:: Input ::

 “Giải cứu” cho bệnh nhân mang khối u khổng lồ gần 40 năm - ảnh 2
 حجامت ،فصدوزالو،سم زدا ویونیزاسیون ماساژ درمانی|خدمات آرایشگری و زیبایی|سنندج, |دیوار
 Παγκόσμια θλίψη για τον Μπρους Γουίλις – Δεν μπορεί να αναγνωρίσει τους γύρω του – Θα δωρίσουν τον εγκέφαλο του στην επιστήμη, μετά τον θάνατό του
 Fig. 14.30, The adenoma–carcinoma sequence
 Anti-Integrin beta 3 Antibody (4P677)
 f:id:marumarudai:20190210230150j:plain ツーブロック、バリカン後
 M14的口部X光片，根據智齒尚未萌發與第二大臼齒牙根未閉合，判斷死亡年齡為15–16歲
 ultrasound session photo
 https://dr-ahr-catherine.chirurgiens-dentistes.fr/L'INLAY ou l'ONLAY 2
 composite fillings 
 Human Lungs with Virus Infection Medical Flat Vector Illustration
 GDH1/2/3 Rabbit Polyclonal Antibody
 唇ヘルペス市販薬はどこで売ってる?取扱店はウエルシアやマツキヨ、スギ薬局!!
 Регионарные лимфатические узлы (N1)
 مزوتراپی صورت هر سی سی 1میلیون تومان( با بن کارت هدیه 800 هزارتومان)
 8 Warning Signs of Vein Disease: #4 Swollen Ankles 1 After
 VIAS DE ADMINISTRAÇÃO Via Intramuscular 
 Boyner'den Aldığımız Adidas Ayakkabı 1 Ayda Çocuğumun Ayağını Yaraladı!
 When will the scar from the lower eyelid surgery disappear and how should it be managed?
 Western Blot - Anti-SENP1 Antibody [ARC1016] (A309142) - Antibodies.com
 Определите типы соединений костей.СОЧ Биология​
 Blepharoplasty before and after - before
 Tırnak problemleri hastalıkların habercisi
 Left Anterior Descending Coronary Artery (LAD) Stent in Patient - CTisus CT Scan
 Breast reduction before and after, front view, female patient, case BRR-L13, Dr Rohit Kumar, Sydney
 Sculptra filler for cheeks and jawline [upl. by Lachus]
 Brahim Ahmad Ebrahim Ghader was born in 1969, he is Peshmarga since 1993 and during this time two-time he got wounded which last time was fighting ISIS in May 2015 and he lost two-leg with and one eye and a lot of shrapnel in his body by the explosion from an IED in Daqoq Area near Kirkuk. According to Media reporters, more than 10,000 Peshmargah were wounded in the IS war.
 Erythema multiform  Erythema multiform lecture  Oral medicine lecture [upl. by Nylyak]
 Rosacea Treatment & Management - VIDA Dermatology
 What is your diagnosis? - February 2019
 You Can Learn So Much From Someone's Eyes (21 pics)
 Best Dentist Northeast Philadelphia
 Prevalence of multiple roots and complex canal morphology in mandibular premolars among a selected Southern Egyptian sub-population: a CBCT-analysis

:: Assignment ::
Transcribe the listing shown above in full and without change.

:: Answer space ::
 “Giải cứu” cho bệnh nhân mang khối u khổng lồ gần 40 năm - ảnh 2
 حجامت ،فصدوزالو،سم زدا ویونیزاسیون ماساژ درمانی|خدمات آرایشگری و زیبایی|سنندج, |دیوار
 Παγκόσμια θλίψη για τον Μπρους Γουίλις – Δεν μπορεί να αναγνωρίσει τους γύρω του – Θα δωρίσουν τον εγκέφαλο του στην επιστήμη, μετά τον θάνατό του
 Fig. 14.30, The adenoma–carcinoma sequence
 Anti-Integrin beta 3 Antibody (4P677)
 f:id:marumarudai:20190210230150j:plain ツーブロック、バリカン後
 M14的口部X光片，根據智齒尚未萌發與第二大臼齒牙根未閉合，判斷死亡年齡為15–16歲
 ultrasound session photo
 https://dr-ahr-catherine.chirurgiens-dentistes.fr/L'INLAY ou l'ONLAY 2
 composite fillings 
 Human Lungs with Virus Infection Medical Flat Vector Illustration
 GDH1/2/3 Rabbit Polyclonal Antibody
 唇ヘルペス市販薬はどこで売ってる?取扱店はウエルシアやマツキヨ、スギ薬局!!
 Регионарные лимфатические узлы (N1)
 مزوتراپی صورت هر سی سی 1میلیون تومان( با بن کارت هدیه 800 هزارتومان)
 8 Warning Signs of Vein Disease: #4 Swollen Ankles 1 After
 VIAS DE ADMINISTRAÇÃO Via Intramuscular 
 Boyner'den Aldığımız Adidas Ayakkabı 1 Ayda Çocuğumun Ayağını Yaraladı!
 When will the scar from the lower eyelid surgery disappear and how should it be managed?
 Western Blot - Anti-SENP1 Antibody [ARC1016] (A309142) - Antibodies.com
 Определите типы соединений костей.СОЧ Биология​
 Blepharoplasty before and after - before
 Tırnak problemleri hastalıkların habercisi
 Left Anterior Descending Coronary Artery (LAD) Stent in Patient - CTisus CT Scan
 Breast reduction before and after, front view, female patient, case BRR-L13, Dr Rohit Kumar, Sydney
 Sculptra filler for cheeks and jawline [upl. by Lachus]
 Brahim Ahmad Ebrahim Ghader was born in 1969, he is Peshmarga since 1993 and during this time two-time he got wounded which last time was fighting ISIS in May 2015 and he lost two-leg with and one eye and a lot of shrapnel in his body by the explosion from an IED in Daqoq Area near Kirkuk. According to Media reporters, more than 10,000 Peshmargah were wounded in the IS war.
 Erythema multiform  Erythema multiform lecture  Oral medicine lecture [upl. by Nylyak]
 Rosacea Treatment & Management - VIDA Dermatology
 What is your diagnosis? - February 2019
 You Can Learn So Much From Someone's Eyes (21 pics)
 Best Dentist Northeast Philadelphia
 Prevalence of multiple roots and complex canal morphology in mandibular premolars among a selected Southern Egyptian sub-population: a CBCT-analysis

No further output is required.